The reduction of a banded matrix to bidiagonal form is a critical step in the calculation of Singular Values, a cornerstone of scientific computing and AI. Although inherently parallel, this step has traditionally been considered unsuitable for GPUs due to its memory-bound nature. However, recent advances in GPU architectures, such as increased L1 memory per Streaming Multiprocessor or Compute Unit and larger L2 caches, have shifted this paradigm. In this work, we present the first GPU-accelerated algorithm for reducing a banded matrix to bidiagonal form, integrated into open-source software package NextLA$.$jl. Our algorithm builds on prior multicore CPU cache-efficient bulge chasing methods, adapted to modern GPU architecture to optimize throughput. Leveraging Julia's high-level array abstractions and KernelAbstractions, we implement a single function that is both hardware-agnostic and data-precision-aware, running efficiently across NVIDIA, AMD, Intel, and Apple Metal GPUs. We develop a hardware-aware performance model to guide tuning and identify key hyperparameters that govern optimal GPU performance for memory-bound workloads. We show that such workloads, when carefully optimized, can achieve substantial speed-ups on modern GPUs: our implementation outperforms multithreaded CPU libraries PLASMA and SLATE starting from matrix sizes as small as 1024 x 1024, and achieves over 100x speed-up on 32k x 32k matrices. Moreover, the algorithm's performance scales linearly with the matrix bandwidth, enabling efficient reduction of matrices with larger bandwidths - previously considered impractical.

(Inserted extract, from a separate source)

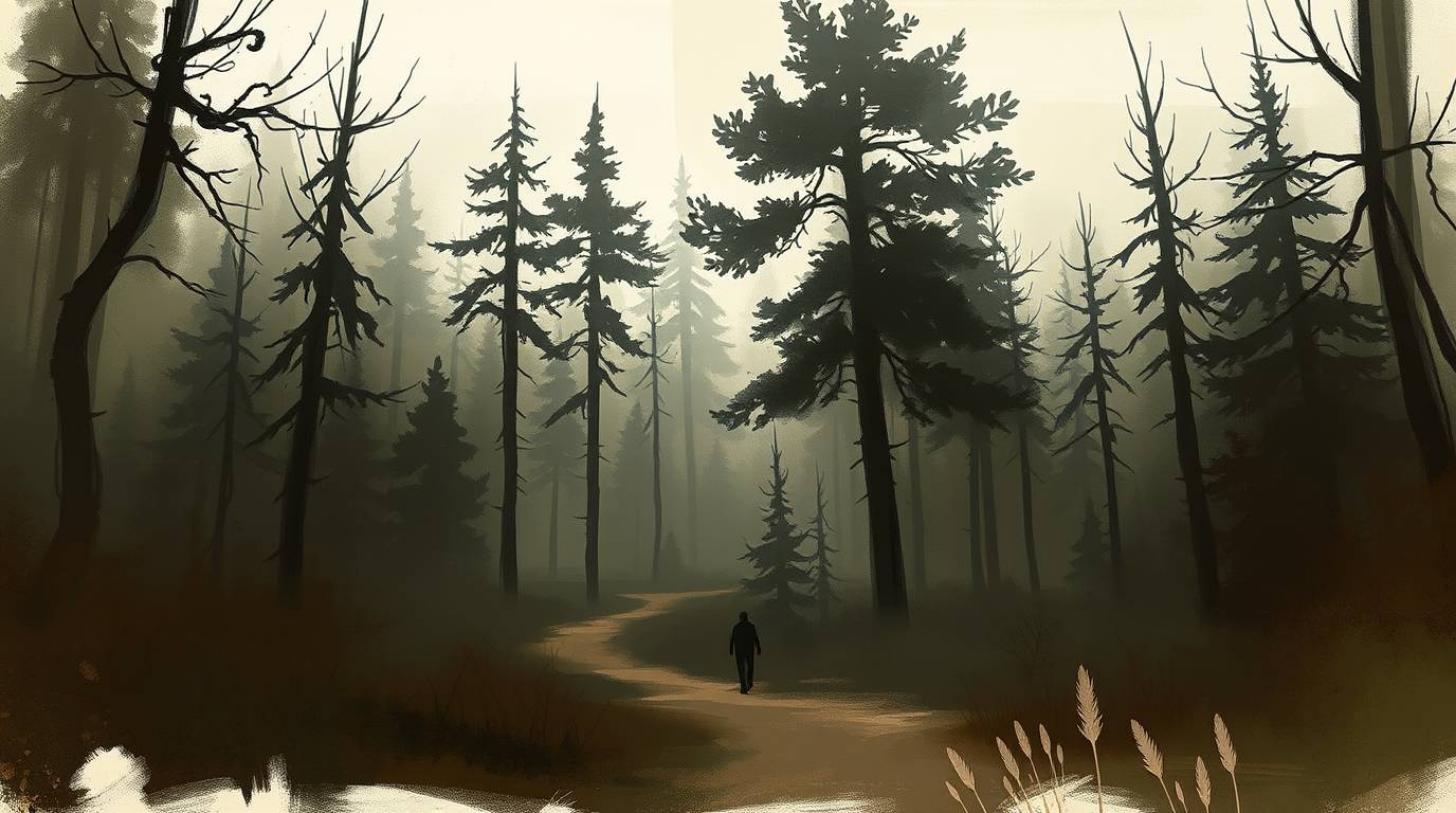 Experience a thrilling digital sketch of a chase through a looping forest, rendered with loose, painterly strokes in natural 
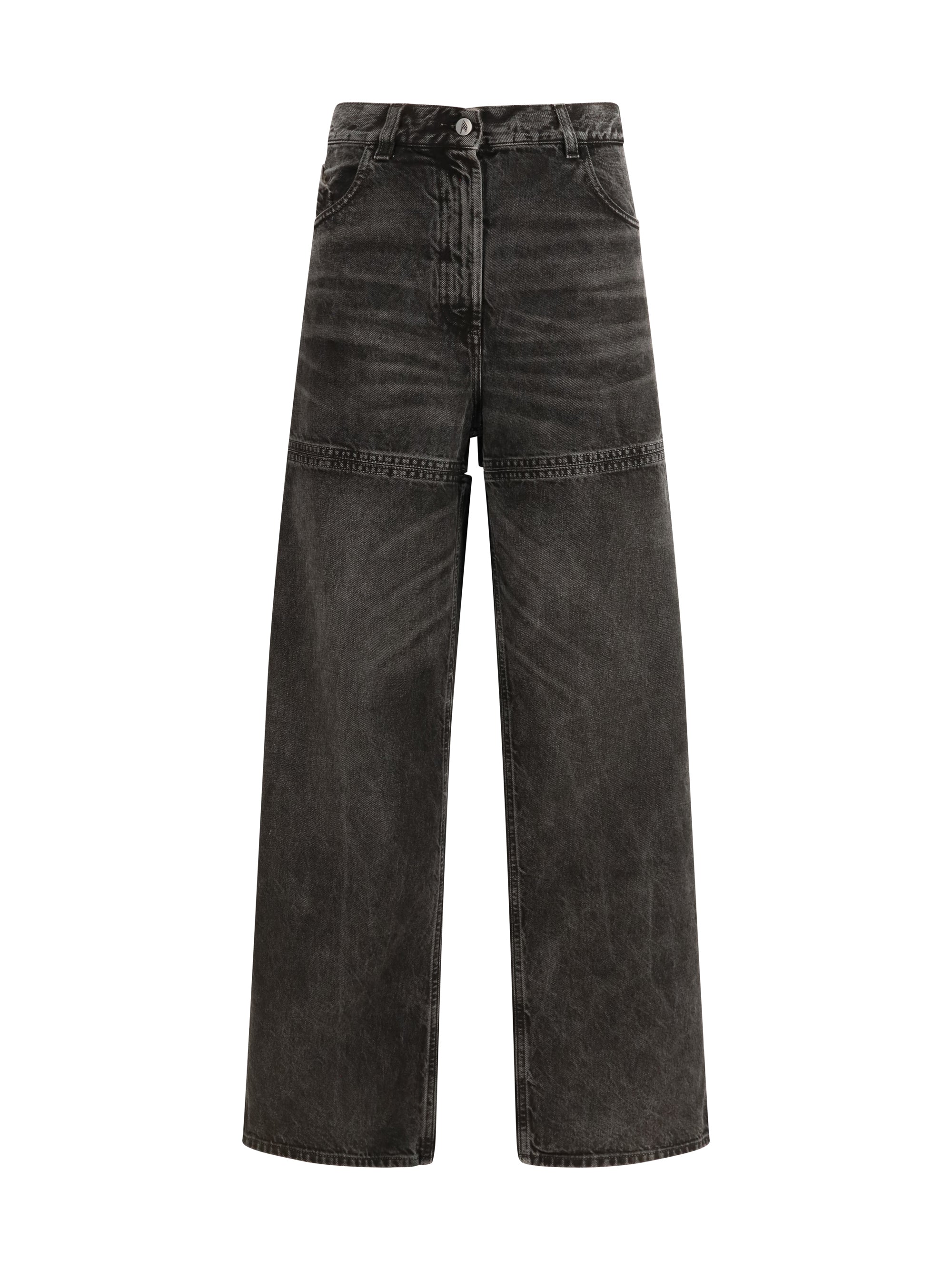 Cut-Out Wide-Leg Cotton Jeans — Black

翻译：将带状矩阵约化为双对角形式是计算奇异值的关键步骤，而奇异值计算是科学计算与人工智能的基石。尽管该步骤本质上是并行的，但由于其内存受限的特性，传统上被认为不适合在GPU上执行。然而，GPU架构的最新进展，例如每个流式多处理器或计算单元增加的L1内存以及更大的L2缓存，已经改变了这一范式。本文提出了首个用于将带状矩阵约化为双对角形式的GPU加速算法，并集成到开源软件包NextLA.jl中。我们的算法建立在先前多核CPU缓存高效凸点追逐方法的基础上，针对现代GPU架构进行适配以优化吞吐量。利用Julia的高级数组抽象和KernelAbstractions，我们实现了一个同时具备硬件无关性和数据精度感知的单一函数，可在NVIDIA、AMD、Intel及Apple Metal GPU上高效运行。我们开发了一个硬件感知性能模型来指导调优，并识别出决定内存受限工作负载在GPU上最优性能的关键超参数。研究表明，经过精心优化，此类工作负载在现代GPU上能实现显著的加速：我们的实现在矩阵尺寸小至1024 x 1024时即超越多线程CPU库PLASMA和SLATE，并在32k x 32k矩阵上实现超过100倍的加速。此外，算法性能随矩阵带宽线性扩展，使得更大带宽矩阵的高效约化成为可能——这在以往被认为是不切实际的。